The late Tony Kaye recruited both of us into the journal. With Bill Blair and Aaron Sheehan-Dean and Judith Giesberg and others, Tony helped create a journal as bold and energetic as he was. It is our pleasure to take up the mantle, and we intend to continue his legacy.
Postscript:
We regret if our original editors’ note conveyed a lack of appreciation for Judith Giesberg’s leadership, and we heartily endorse the public statement of the transitional editors, published in the journal in September 2019: “The September 2019 issue is Judy Giesberg’s last as editor of The Journal of the Civil War Era. She has been integral to the journal since its first issue in 2011, and the editorial team would like to thank her for her pathbreaking service. We have been privileged to work with her during her four-year tenure as editor and greatly appreciate the groundwork she and founding editor Bill Blair have laid for the future of the field, through this publication. It has been a true pleasure, Judy.
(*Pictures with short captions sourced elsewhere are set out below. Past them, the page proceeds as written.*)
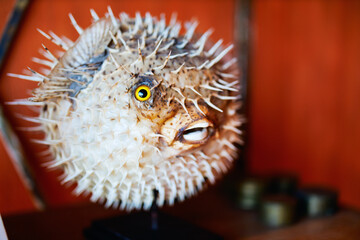 Inflated puffer fish © TravelPhotoBloggers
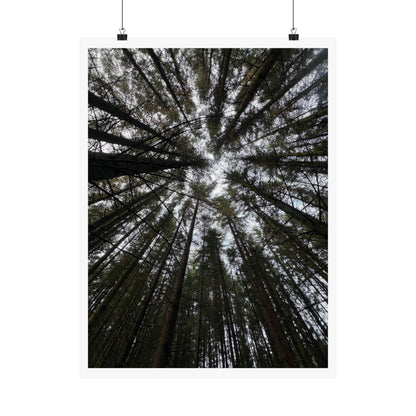 Matte Vertical Posters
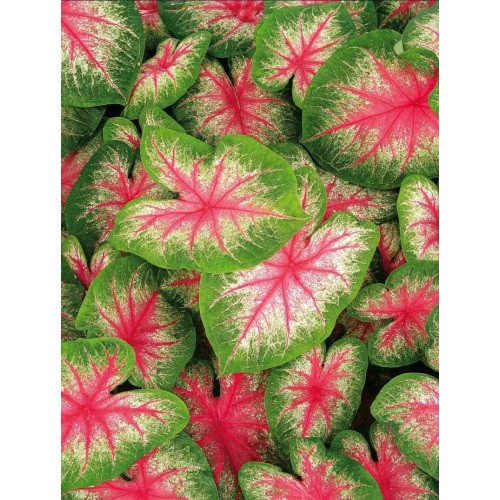 Caladium - Kaladium Pink Beauty Cebulka 1szt.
Thank you.”
[1]“Editor’s Note, “Journal of the Civil War Era 1 (March 2011): 1–2.
5 Replies to “Preview of the September 2020 JCWE Issue”
kate masur and greg downs are both extraordinary historians who will foster an improved contemporaneous journal during these perilous times when the inheritance of the civil war era is on trial.
This is a lovely tribute to the work of Bill Blair and the late Tony Kaye in starting the JCWE. But let’s not forget the incredible job that Judy Giesberg did for nine years– first as book review editor and then as editor of the journal itself. She made the JCWE into the important and innovative publication it is today, cultivating articles and special issue editors, and starting Muster (along with Kristen Epps).
anne sarah rubin is absolutely right. i ist ran into judy giesberg in philadelphia at a small symposium at the public library for her to-be-released book on the painstakingly translated (at penn state) diary of a free black young woman during the civil war. it threw a light on the educated free black community of phila during this period. i never forgot it.
Dear Ellen, It is so good to “hear” your voice here. It was my very great pleasure to meet you. I hope to see you again. -Judy
Thanks for the postscript, but the use of the word “if” is unfortunate. As someone who served on the SCWH board for several years, Judy Giesberg’s significant contributions were both many and obvious.